SPRINGFIELD, Mo. – Another month, another federal interest rate increase.

“You don’t see [an increase of] .75, then .75, and then another .75 percent.” Stephen Evans, owner of Evans Wealth Planning said. “We haven’t seen that. It’s happening really, really quickly.

This means people who need to take out loans for almost anything may see higher payments each month.

“They are trying to cool the economy down by tightening the money supply.” Evans said. “Car loans have gone up. Credit cards have gone up. Any kind of loan you’re getting, the interest rate is going to increase.”

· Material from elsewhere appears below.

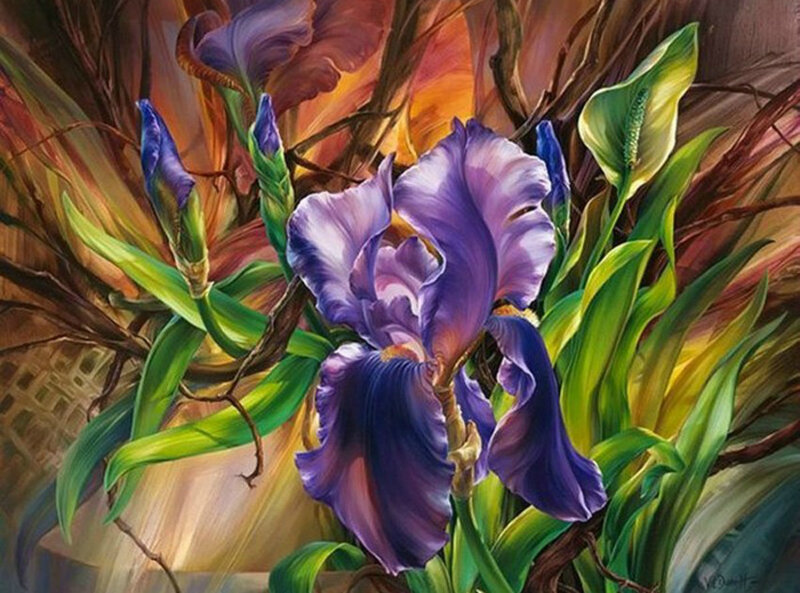 Purple Iris Flower — Dramatic, Painting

This also includes the housing industry.

“For us, it definitely slows the market down a little bit, which is what the Fed wanted to happen.” Chris Bryant, a broker, and business coach with Murney & Associates said. “Basically, when the economy gets too hot, obviously the Fed wants to slow that down in order to temper down inflation.”

Bryant says the move affects first-time home buyers more in a market that’s slowly returning to normal.

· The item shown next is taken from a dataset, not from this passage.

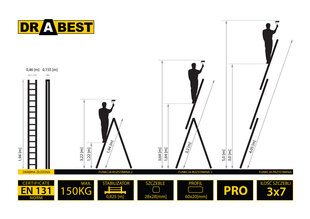 Лестница многофункциональная трех-секционная DRABEST PRO, 3х7 цена и информация | Стремянки | 220.lv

“In a balanced market, in our market, you would have anywhere from 2,000 to 2,500 homes in Green Christian and Webster County. We have about 700, 750 right now. ” Bryant said.

However, the increased rate will not only affect who can buy, but what they can get.

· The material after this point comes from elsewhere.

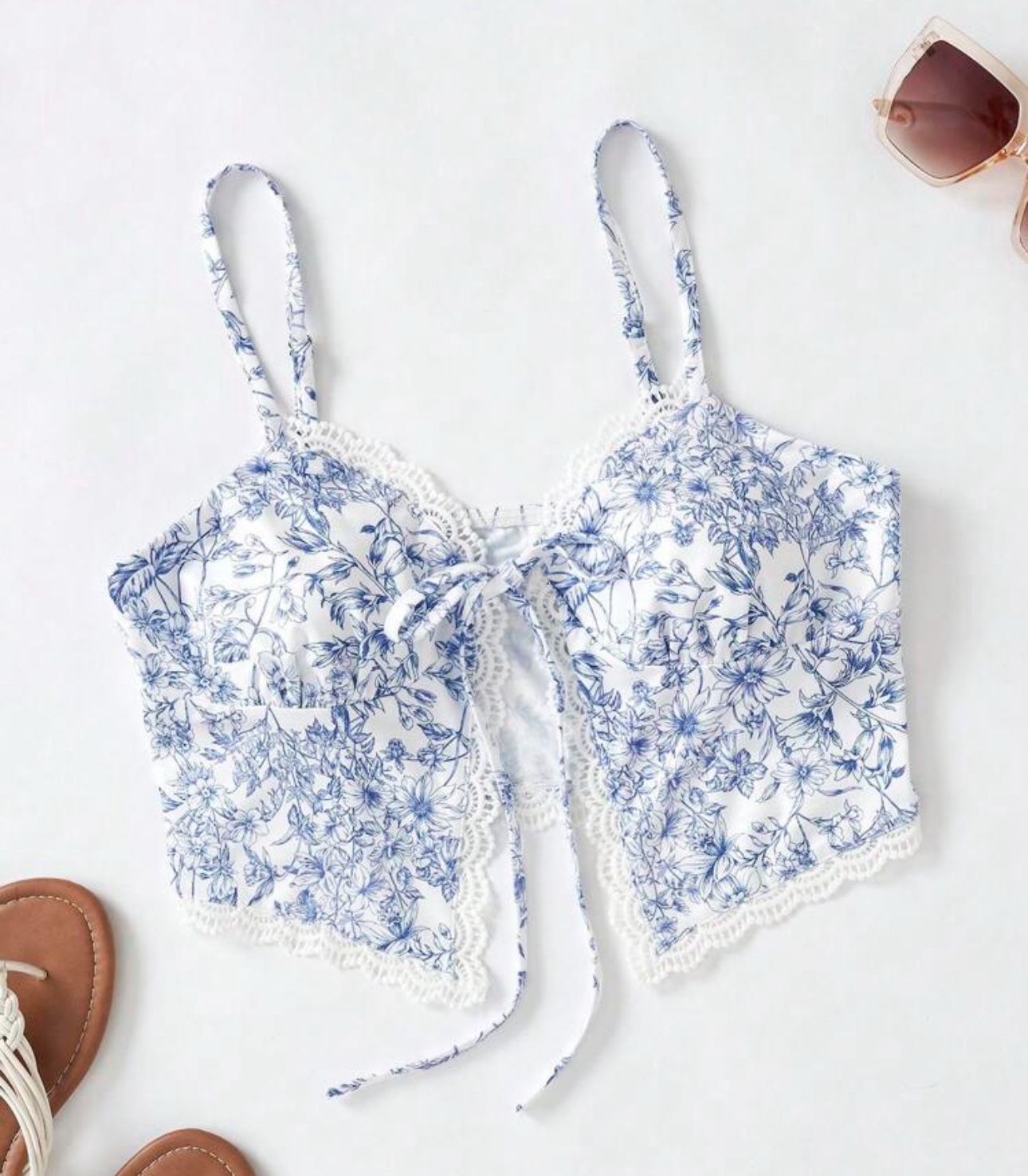 Blue And White Crop Top - Size M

“If you bought a $300,000 house last year, your payment interest rates around 3%, your payment would have been about 1300 bucks a month. Today your payment [if you got that same loan today] is 1,800 dollars a month.” Evans said.

“Affordability is what changes. Where they may have been looking at a $300,000 home, now they need to look at a $225,000 home. The challenge is that’s less of a home than it used to be.” Bryant said.

Evans’ advice is to take care of what’s in front of you and hold off on that next big purchase.

“The best thing to do now is to pay off your debt. To learn how to save Live within your means. It is a time to hunker down.” Evans added.